Mais dans la pratique quotidienne, les évaluations sont les étapes pour chacun de nous pour apprécier notre propre "évolution", pour analyser les écarts entre nos projets et nos réalisations. C’est un élément fondamental pour envisager les changements qu’en psychiatrie nous devons constamment réaliser pour nous adapter aux besoins des personnes au service desquels nous avons choisi de nous mettre, les réactions corporatistes doivent toujours se situer à distance et d’abord respecter les besoins des patients.

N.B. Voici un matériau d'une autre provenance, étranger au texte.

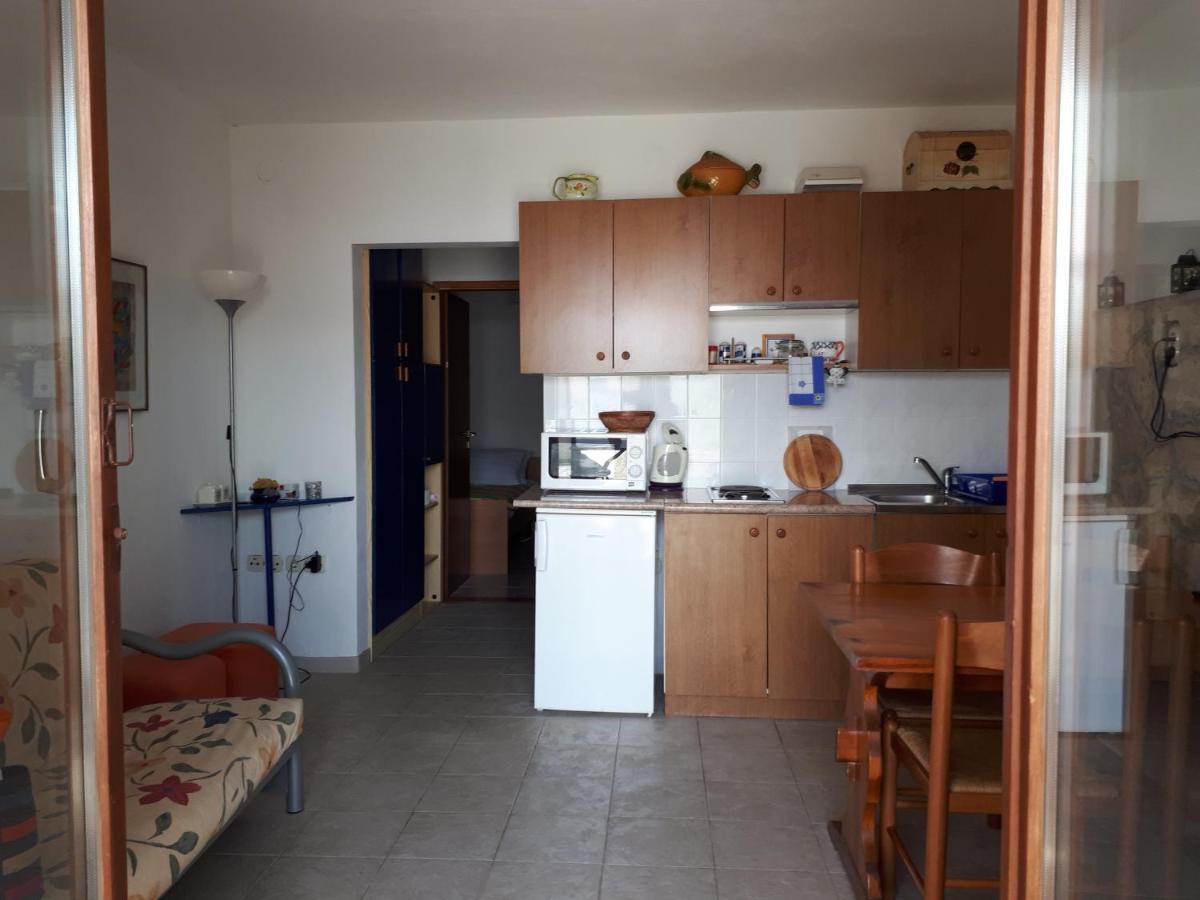 Apartmani Sikic Metajna Exterior photo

Par ailleurs nous avons vu qu’il faut préparer des échanges avec les usagers et accepter de rencontrer leur évaluation, car nous sommes certains d’en tirer des enseignements majeurs, sans pour autant les sacraliser, mais en se rencontrant avec eux.

Nous avons vu le rôle primordial des élus et des usagers dans l’évaluation.

L’évaluation est une discipline première de rigueur, d’honnêteté, de modestie, qui nous est utile pour le travail psychothérapique de base, comme dans l’analyse du travail d’une équipe ; elle ne doit pas non plus être dévoreuse du temps du soin, sinon son effet s’inverse.

Enfin sur le plan de la clinique nous ne devons pas esquiver, en particulier pour le moment que nous abordons, celui de l’accueil, la question du diagnostic et nous demander quelle est sa nature, est-il une évaluation ? Quelle est sa place dans l’accueil, … cela c’est, …

(à suivre)

Guy Baillon

(ce texte est envoyé avec anticipation, aujourd’hui plutôt que lundi, laissant la place à l’évaluation que nous allons tous signifier par notre vote, et dont nous dégusterons les résultats lundi)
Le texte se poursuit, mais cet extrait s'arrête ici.